Crawford Erwin is my third great grandfather, and it is through researching his family that I connected with my first previously unknown cousin, a third cousin once removed, Jimmie Ferguson. He had several photographs of our mutual several times great grandfather and he graciously allowed me to use the photo above for my blog. Jimmie is descended through Crawford’s son ,Edward, from his second wife, and I am descended through Crawford’s second son from his first marriage.
I’ve done several posts about others in Crawford Erwin’s family. He is the son of Judge William Erwin and the father of John Erwin and Eli Erwin. They have been easier than some to write about as biographical sketches of several family members were written up in History of Wayne and Clay Counties, Illinois", published in 1884.
The book describes Crawford Erwin as one of Hoosier Township's "best and most prominent farmers." He would have been sixty-six when it was published. Crawford was born on April 19, 1818, in Lawrence County, Indiana, when his father was 40 and his mother was 35. His father, William Erwin, moved with part of his family, including Crawford and two of his brothers, to Clay County in October, 1832. Crawford was fourteen at the time.
Crawford Erwin was “brought up among the deer and other wild animals, and hence early learned the use of fire-arms. He has killed many a deer and other wild game. At one time, upon returning home from taking his grandmother to his aunt's, he saw a herd of seven deer. He at once brought his gun to his shoulder (for they always carried guns then), and fired without getting off the horse. The ball passed entirely through the deer he had shot at, and entered another one just in the rear, killing both of them. This was a wonderful feat for a boy. “ (I think it was pretty amazing since he likely had a muzzle loading rifle. It probably also was a flintlock rifle. Percussion rifles had just been invented in the 1820’s and were more expensive and thus not likely to have been given to a boy. The U.S. army had adopted an early single shot breech loader in 1819; but again, given the expense, it is doubtful that a boy had one.)
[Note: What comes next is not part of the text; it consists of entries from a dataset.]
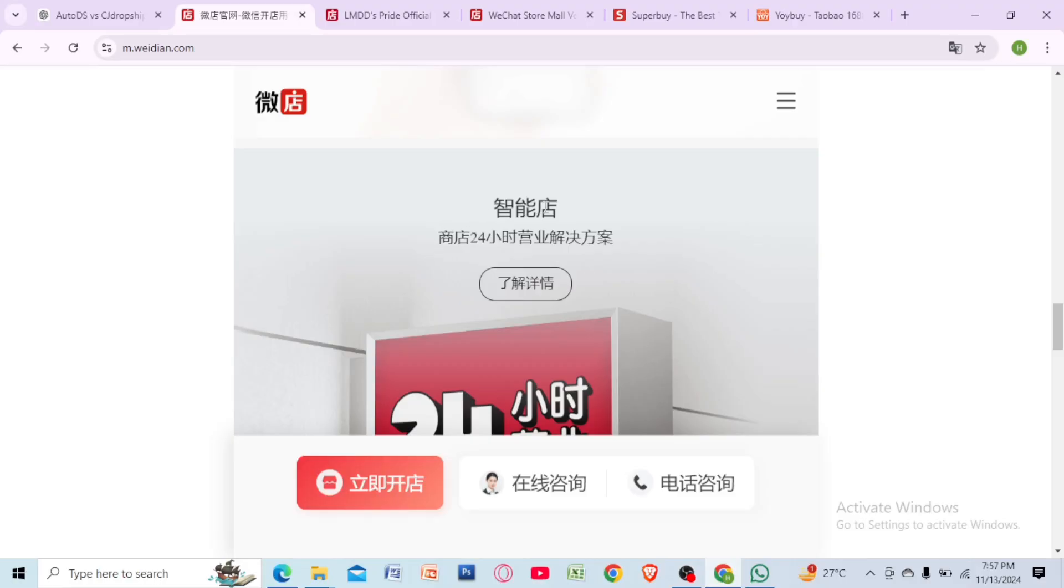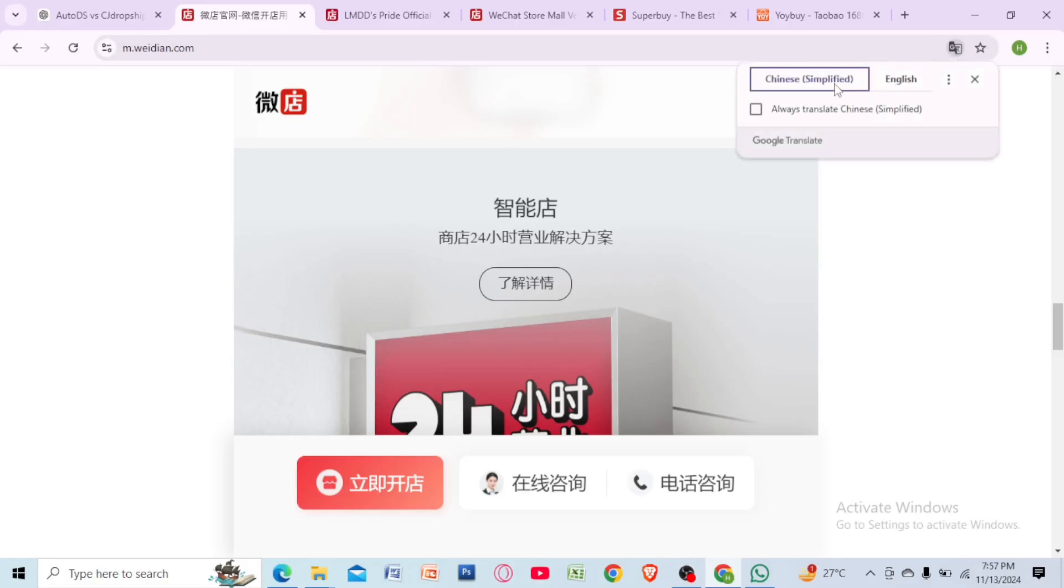First, visit the Widian website or download the app. Widian is a popular Chinese e-commerce platform but it's mostly in Mandarin. Use Google Translate feature to help you navigate.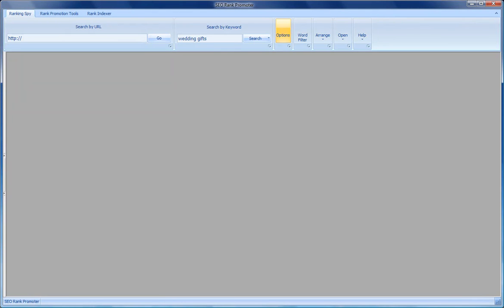Hi, this is Chris and this is the new software that we're launching, the SEO Rank Promoter. I'm just going to show you a couple of the features here.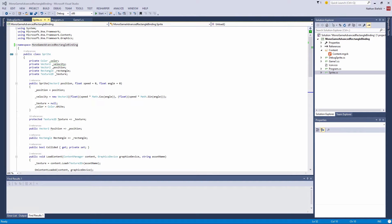Hey, Nathan here. Welcome back to another video covering Monogame Advanced. In this video we are going to discuss binding objects to a rectangle.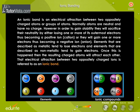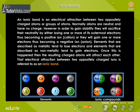Elements that are described as metallic tend to lose electrons, and elements that are described as non-metallic tend to gain electrons. Once this has happened, the resulting charged atoms will attract each other. That electrical attraction between two oppositely charged ions is referred to as an ionic bond.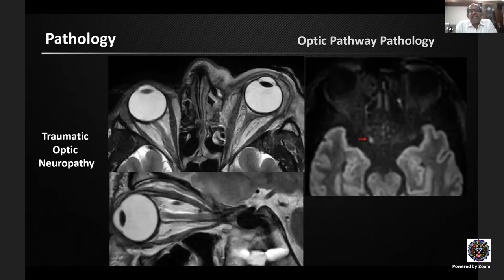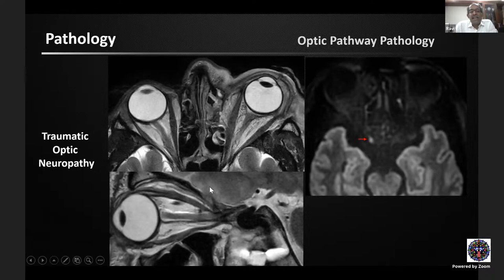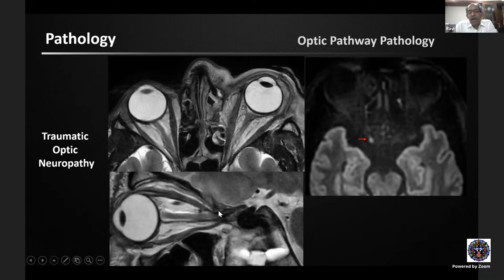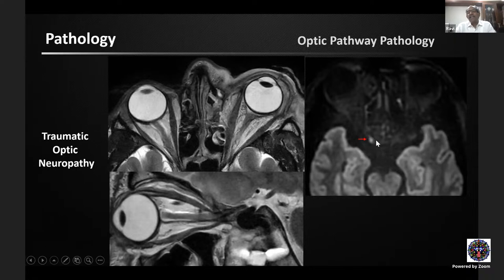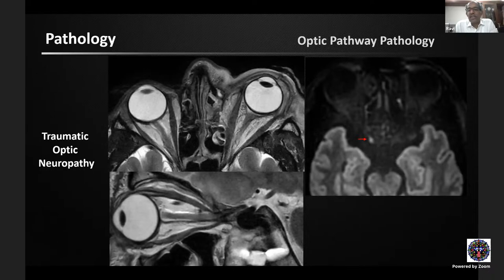In trauma, CT is the initial modality of choice for fractures and bony injuries. However, MRI is more sensitive to optic nerve signal changes. This case shows traumatic avulsion of the optic nerve from the globe; another shows canalicular segment compression by a bony fragment with altered signal. In a third case where CT was absolutely normal, MRI showed a focal area of restricted diffusion in the intracranial optic nerve segment — indicating excitotoxic injury and a poor prognosis in traumatic optic neuropathy.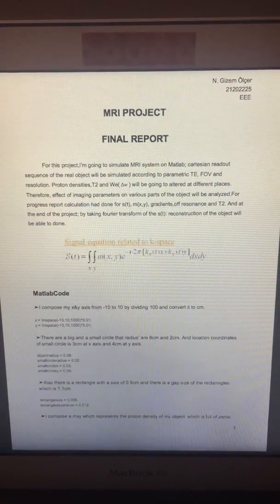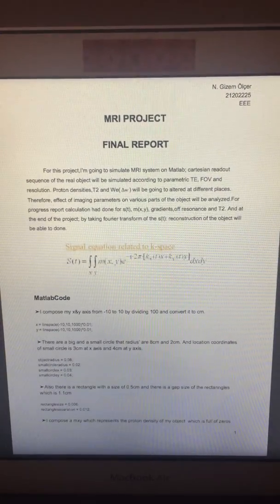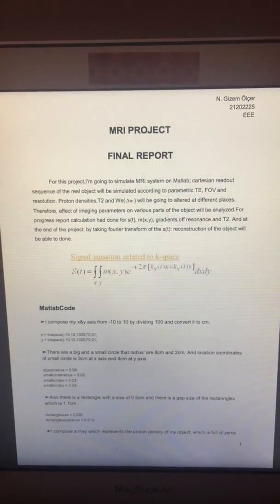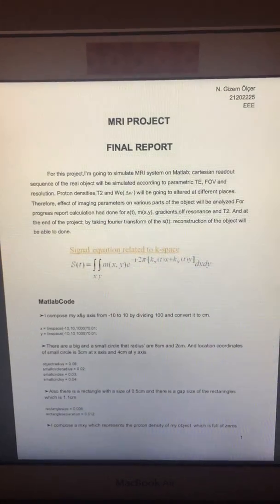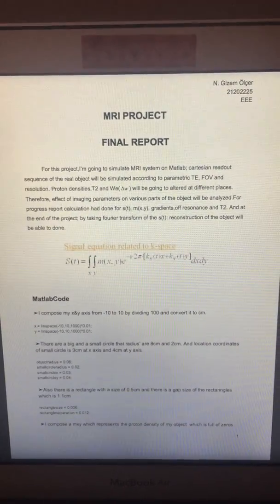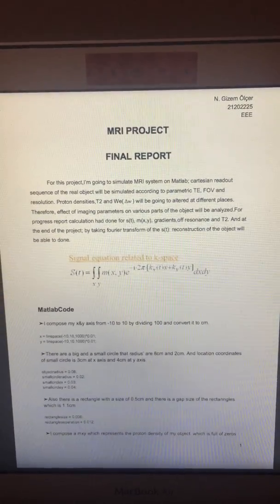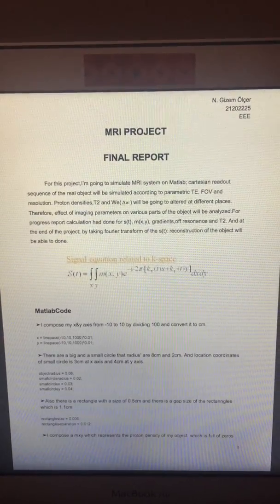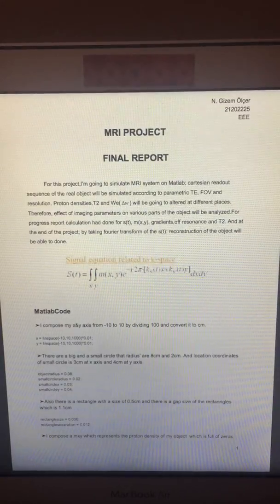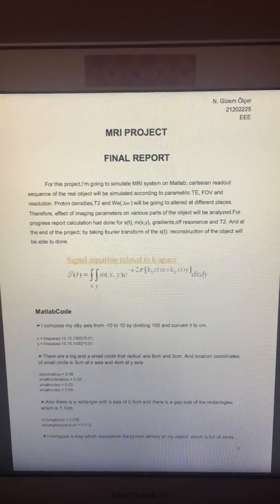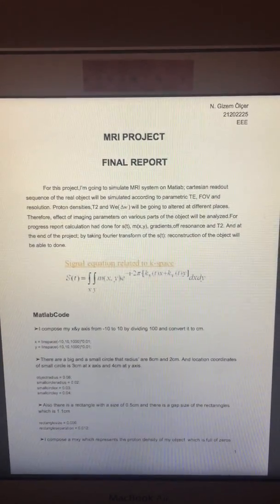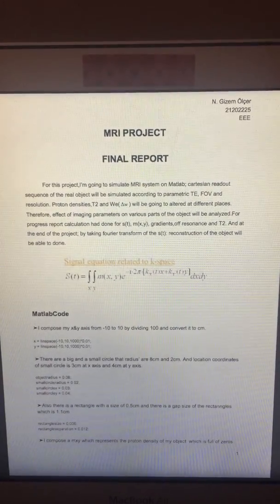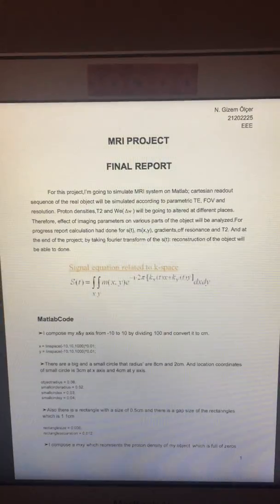Hi, I'm Gizem. This is my project for the Magnetic Resonance Imaging course. For this project, I'm going to simulate an MRI system on MATLAB. The Cartesian readout sequence of the real object will be simulated according to parametric TE, field of view, and resolution.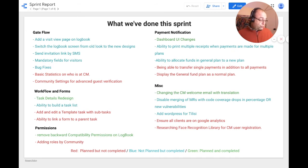Next sprint, we really need to work on statistics on who is at CO.Morazan — hopefully done within the next couple of days — as well as community settings for advanced guest verification. We also really need to start simplifying the registration process.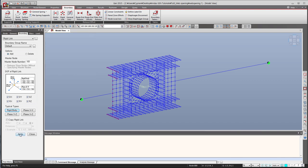And now we just click on apply and you see that the rigid link has been created. So now do the same at the other side.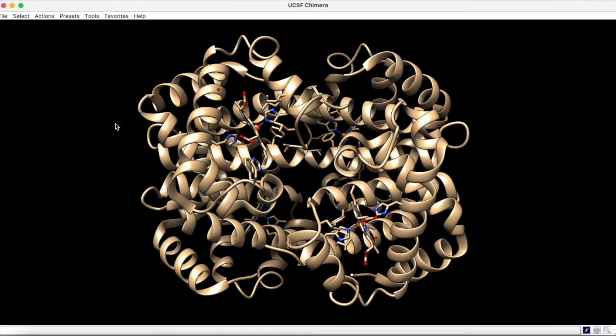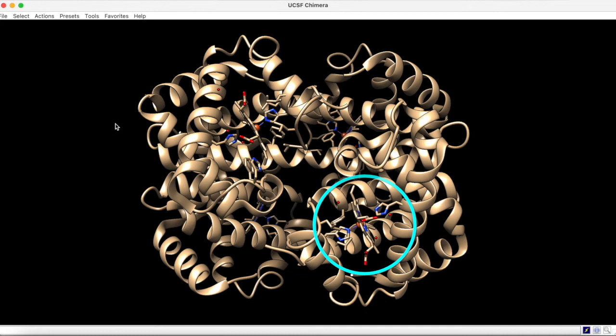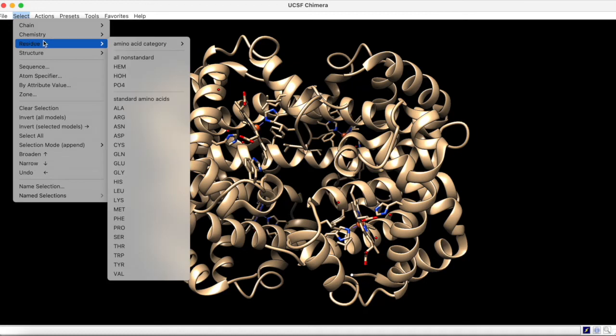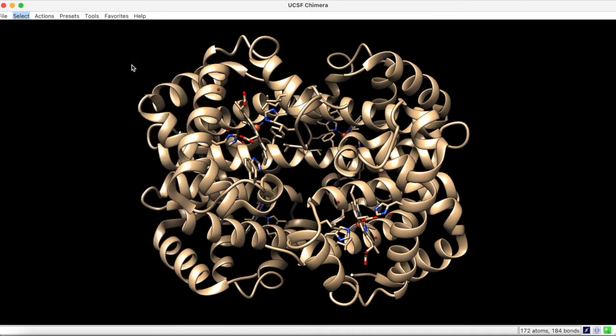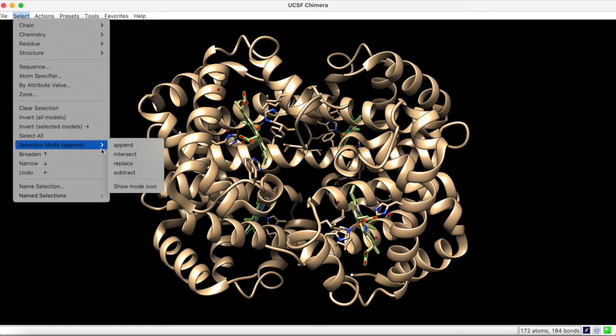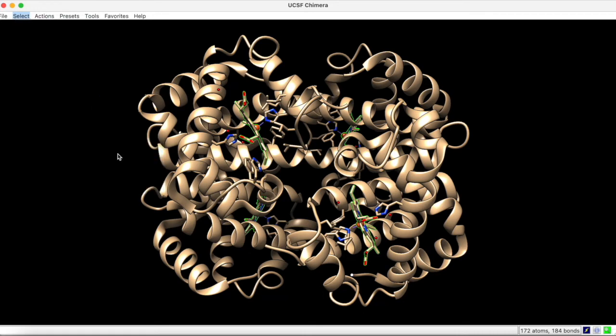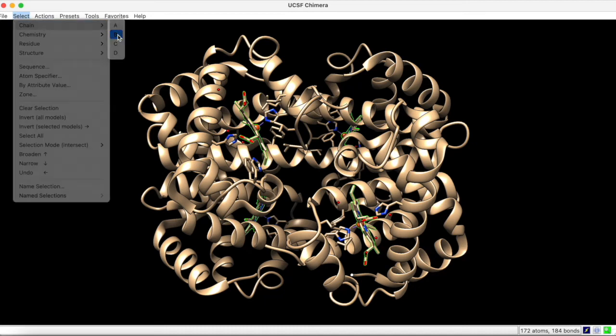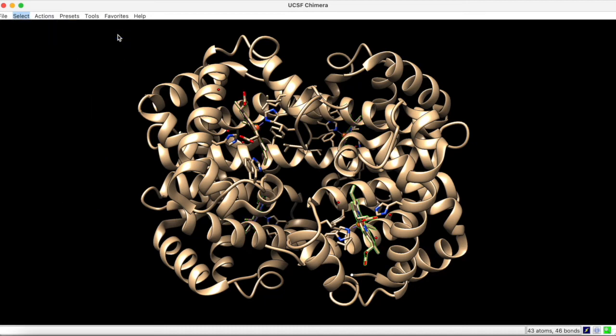Let's say you wanted to select the heme group bound to chain B. To do this, you would start by selecting under Residue in the non-standard category, the heme. However, this selects all four heme groups in the structure. But we can solve this problem by intersecting the selection with a selection for chain B. Now, only the heme group associated with chain B is selected.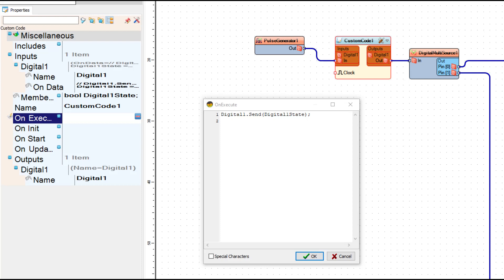Quick recap: digital one dot send — whatever is in the parentheses — that command sends that information out the digital one pin. That's all it does: digital one dot send sends this information out this pin.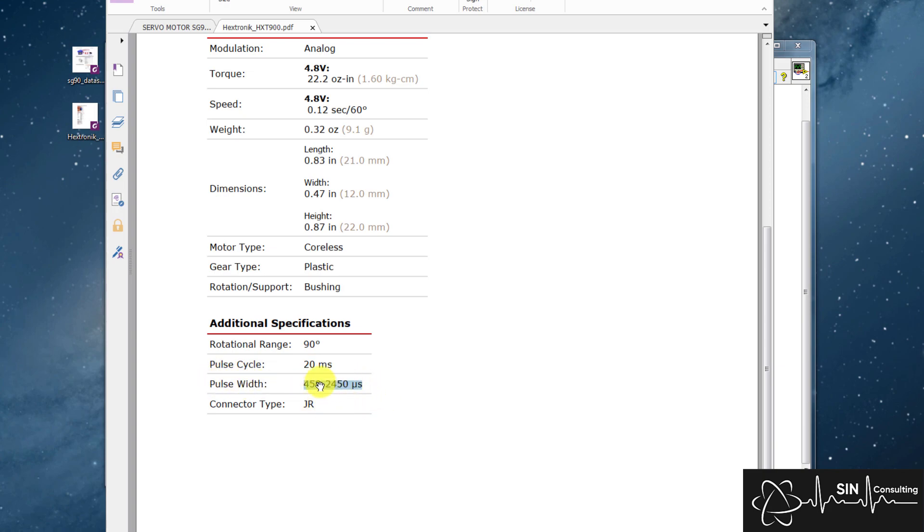450 microseconds equals 90 degrees left from center. 2450 microseconds equals 90 degrees right from center. Well, that's how I'll be defining it for this project anyway.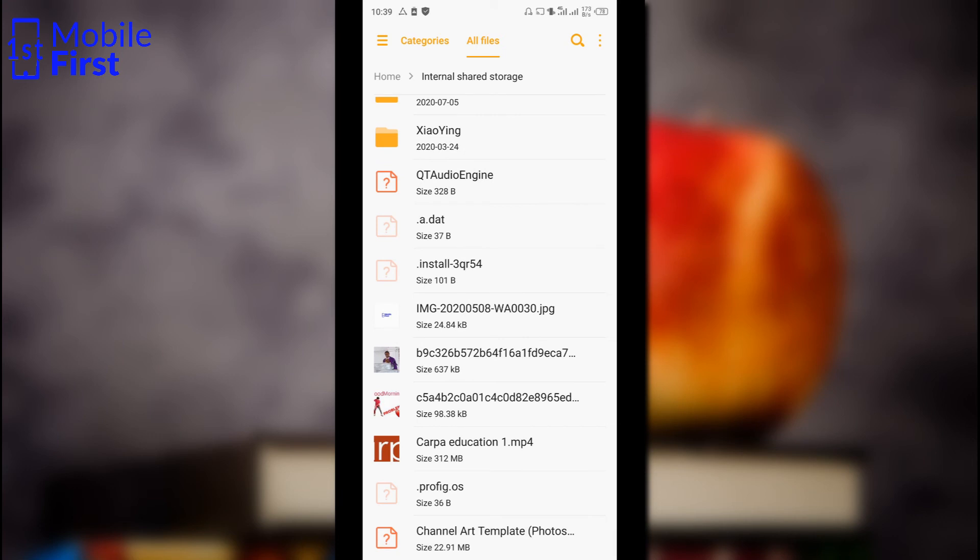So basically, that is how to download WhatsApp status from the .statuses folder to your phone gallery. Now that you know how to download WhatsApp statuses, I wish you good luck. If this video was useful to you, please smash the like button and subscribe to the channel. I will see you in the next video.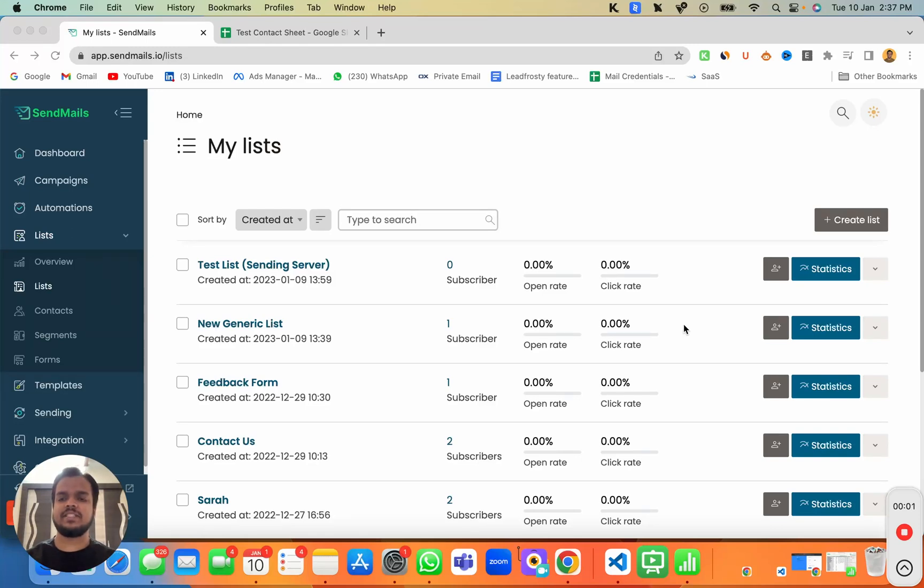Hi, what's going on? My name is Anand. In this video, I'm going to show you how to import contacts inside sendmaze.io using a CSV file.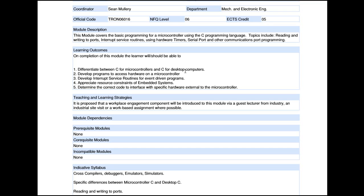We want the student to appreciate the resource constraints of an embedded system — to understand that there is only limited memory, a certain clock speed, a certain number of interrupts and timers — so that you're aware of that and write your program accordingly. Finally, in the learning outcomes, we want the learner to be able to determine the correct code to interface with specific hardware external to the microcontroller, such as a seven-segment display, a liquid crystal display, a motor, or any sort of input device, actuator, or sensor.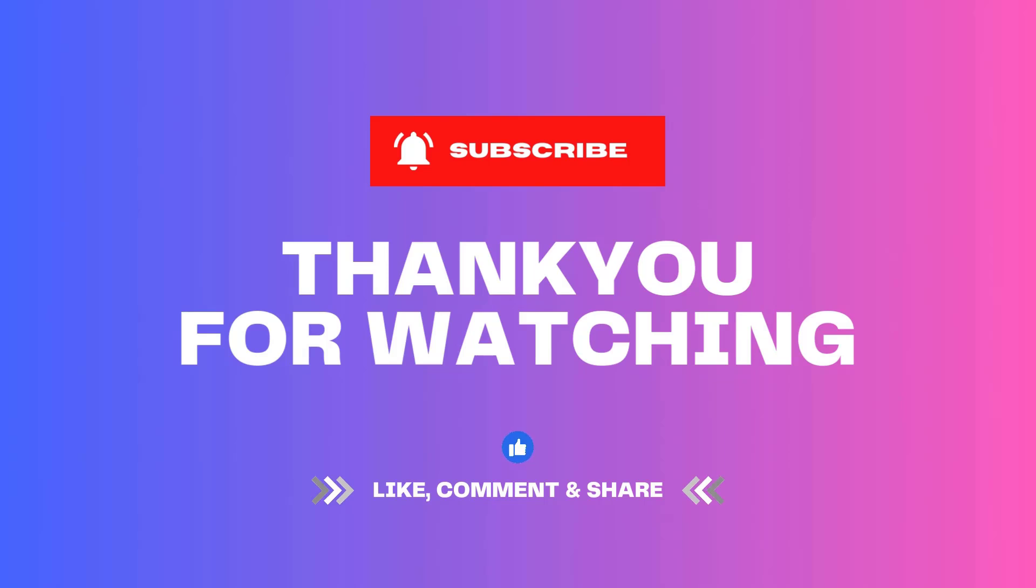Today's video ends here. Have you learned it? Thank you for watching. If you like this video, please give us a like and follow us.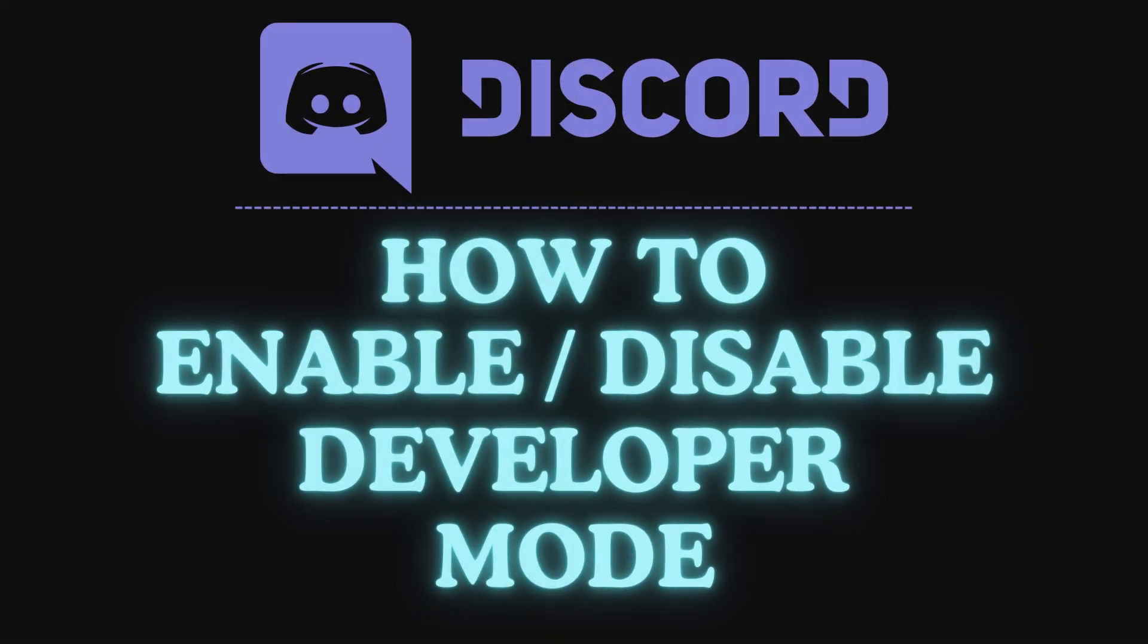This is a video tutorial on how to enable or disable developer mode on the Discord app. I will be using the desktop app for this. Let me jump over to Discord.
In 1837, when he was 19 years old, he married Eliza A. Craig (my third great-grandmother), daughter of Adam Craig, an early settler of Clay county; she was also 19. They had seven children, two of whom died in childhood, in 1852, (Sarah Jane, 13, and Elbert, 16 mos.); those who survived to adulthood were William, John, Eli, Lafayette, and Elizabeth Adeline. Eliza died in February 1855, and Crawford again married, July 3 of the same year; this time to Mrs. Rachel Humes Milligan. (While this might seem like unseemly haste, Crawford was a farmer, which would have involved long hours in the fields, or hunting for meat for his family, and when Eliza died, their youngest surviving child was only one year old, and the rest were boys of 7, 12, 14, and 17. He needed someone to care for his youngest sons and baby daughter.) Rachel also likely needed a man to help provide for her children as the 1860 Census shows four children under 15 with Rachel’s prior married name living with Crawford and Rachel. He and Rachel had another five children together, two of whom were living in 1884 when the county history book was published, Angeline and Edward Everett.